ANDERS ALS KLEIDUNG, die üblicherweise auch einen praktischen Zweck erfüllen soll, dient Schmuck allein dazu, uns zu verschönern. Schon Johann Wolfgang von Goethe wusste: „Ein leuchtend Farb- und Glanzgestein erhöht die Schönheit wie die Majestät. Doch damit das edle Geschmeide im Wechselspiel mit seiner Trägerin seine ganze Pracht offenbaren und auch ihre Persönlichkeit bestmöglich unterstreichen kann, muss es mit ihr harmonieren. Der Begriff Harmonie stammt aus dem Griechischen und bedeutet so viel wie Ebenmaß, also eine ästhetische Symbiose aus Farben und Formen. Das gilt auch beim Schmuckstyling, bei dem das Geschmeide einerseits zum Hautton und andererseits zu den körperlichen Proportionen der Trägerin passen sollte.

IN DER FARBTYPENLEHRE GILT: Zu Menschen mit kühlem Hautunterton passen kühle Farbsteinnuancen wie Platin, Silber- oder Weißgoldschmuck besser, während zu einem warmen Teint warme Farbsteintöne, wie Rot- oder Gelbgold ideal sind. Bei Roségold ist es vom individuellen Farbton abhängig, an welchem Farbtyp es stimmig aussieht – und es gibt einige Farbtypen, denen sowohl Gelbgoldnuancen, als auch Silber passen. Diese Regeln gelten vor allem wenn der Schmuck direkt auf der Haut getragen wird oder sehr opulent ist. Sind Make-up und Kleidung dominant, dürfen sie gebrochen werden. Besonders hübsch wirken Farbsteine wenn sie mit der Augenfarbe der Trägerin farblich korrespondieren. Der Glaubenssatz dass Gold und Silber nicht miteinander gemixt werden dürfen, ist heutzutage auch kein Dogma mehr. Allerdings sollten die einzelnen Schmuckstücke stilistisch zusammenpassen. Damit ist nicht unbedingt gemeint, dass alle Teile derselben Serie angehören, sondern es geht schlichtweg darum eine stilistische Harmonie innerhalb des dekorativen Ensembles zu schaffen.

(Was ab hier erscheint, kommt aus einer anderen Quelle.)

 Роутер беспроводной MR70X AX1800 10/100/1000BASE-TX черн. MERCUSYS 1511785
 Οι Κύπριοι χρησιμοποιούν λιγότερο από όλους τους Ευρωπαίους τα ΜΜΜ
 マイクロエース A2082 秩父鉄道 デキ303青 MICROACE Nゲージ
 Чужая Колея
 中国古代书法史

STILIKONE COCO Chanel war berühmt ob ihres Faibles für Perlen. Mademoiselle trug sie am liebsten üppig in mehreren langen Reihen - unter anderem deshalb, da sie der Überzeugung war, dass Perlen den Teint des Gesichts durch ihren hellen Lüster ganz besonders zauberhaft erstrahlen lassen. Unnötig zu bemerken, dass dies zwar stimmt, allerdings eine gewisse Anzahl und Größe der Perlenketten benötigt werden um diesen Effekt zu erzielen. Die richtige Farbwahl der Perlen in Abstimmung mit dem Teint ist eine weitere Voraussetzung dafür, dieses bezaubernde Zusammenspiel zu bewirken Zuchtperlen sind wahre Verwandlungskünstler und harmonieren mit einer breiten Palette von Teint-Schattierungen. Besonders schön wirken sie jedoch, wenn sie einen gewissen Kontrast zur Haut- oder Kleiderfarbe bilden wie schwarze Tahiti-Zuchtperlen auf elfenbeinfarbigem Teint oder strahlend weiße Südsee-Zuchtperlen zu einem klassischen „kleinen Schwarzen“.

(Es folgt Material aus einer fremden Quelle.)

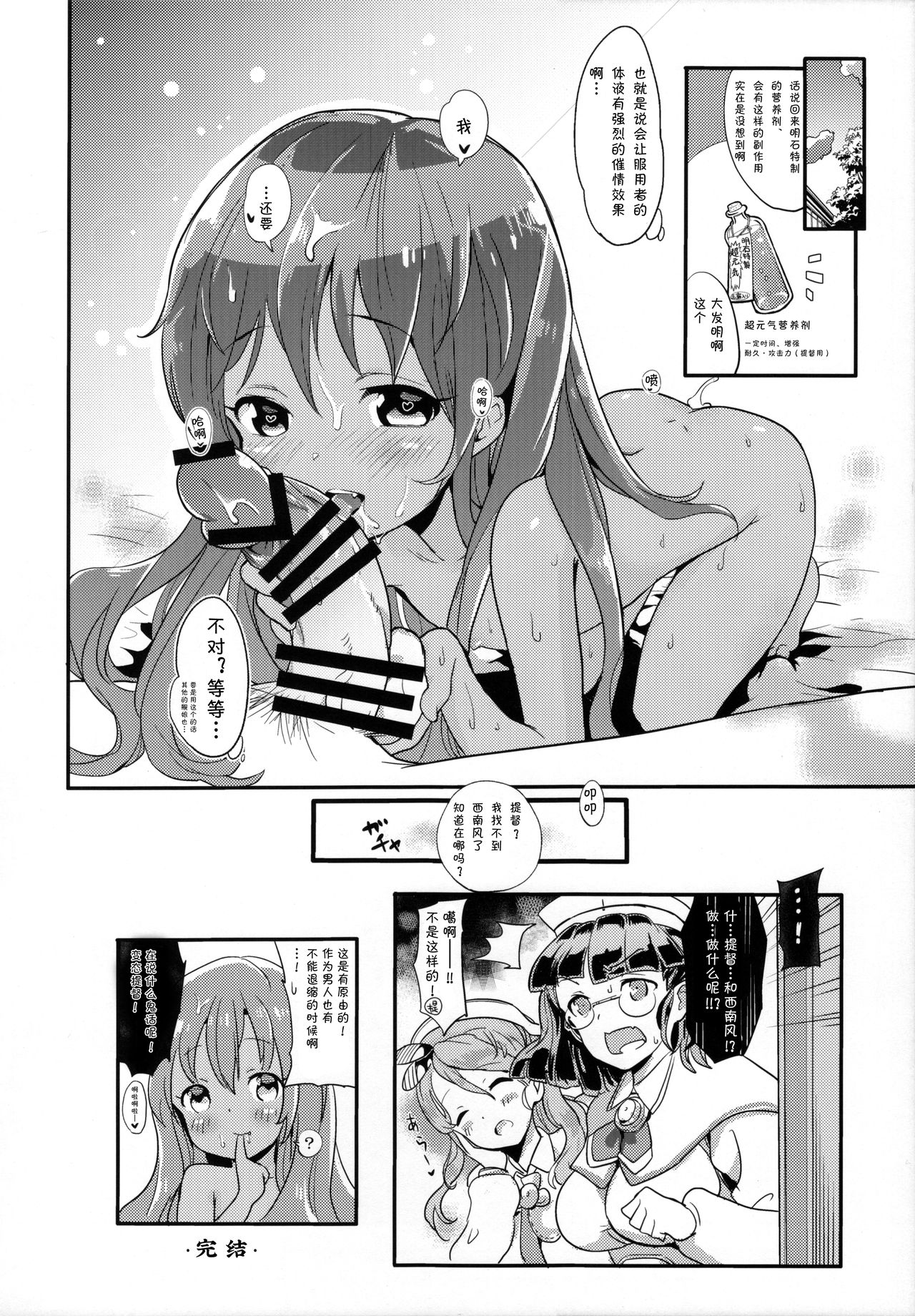 (C89) [バンノウツマヨウジイレ (微糖)] りべっちおの桃尻どるちぇ (艦隊これくしょん -艦これ-) [中国翻訳]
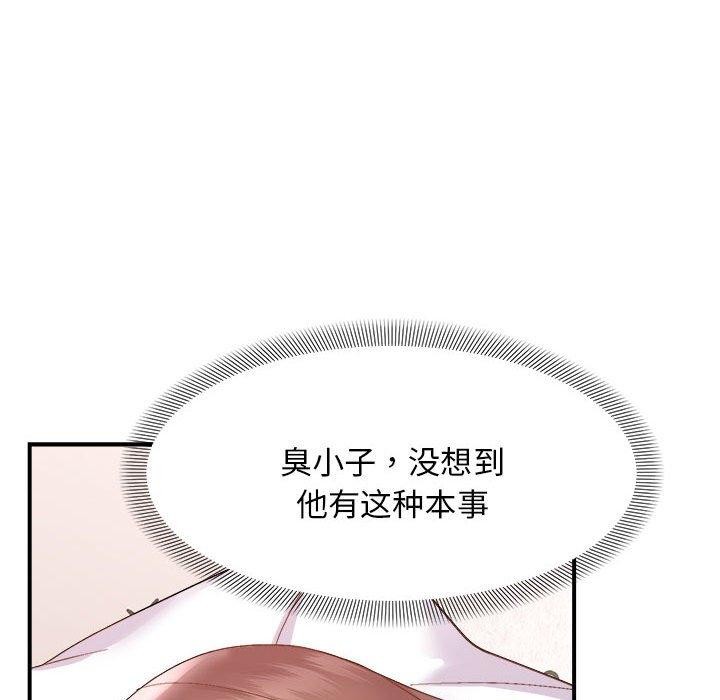 11P - 邻居跑路中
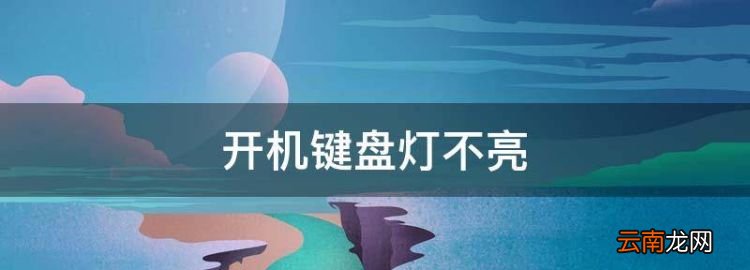 開(kāi)機(jī)鍵盤(pán)燈不亮，電腦鍵盤(pán)指示燈不亮怎么回事鼠標(biāo)燈亮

NICHT NUR FARBE, AUCH GRÖSSE, PROPORTIONEN und Form des Schmucks sollten mit der Trägerin harmonieren. Durch raffiniertes Schmuckstyling werden sowohl Persönlichkeit als auch körperliche Merkmale perfekt präsentiert, wodurch die Pretiosen dann besonders gut zur Geltung kommen. Einerseits gibt es hierfür einfache Parameter, die beachtet werden sollten, andererseits auch viele Soft Skills, wie Naturell, Stilvorlieben und körperliche Details, die ebenso starken Einfluss nehmen. So passen beispielsweise einer sehr zierlichen Frau mit feinen Gesichtszügen zarte Schmuckstücke hervorragend, aber auch XXL Schmuck ist bei einer entsprechend extrovertierten Ausstrahlung apart. Besitzt sie allerdings eine, zwar ebenfalls zierliche, aber sehr große Nase, wirkt der prägnanter Schmuck, wenn er auch größere dekorative Details aufweist, besser als sehr feingliedrige Modelle, da sich, wie auch im Gesicht, verschiedene Proportionen darin spiegeln. Generell gilt aber: Gleiches zu gleichem, also zierlicher Schmuck bei grazilen Frauen, dekorativer, großer Schmuck bei kräftigen Damen. Zu weiblichen Rundungen passen organische Formen, androgyne Typen steht kantiges und akzentuiertes Design sehr gut.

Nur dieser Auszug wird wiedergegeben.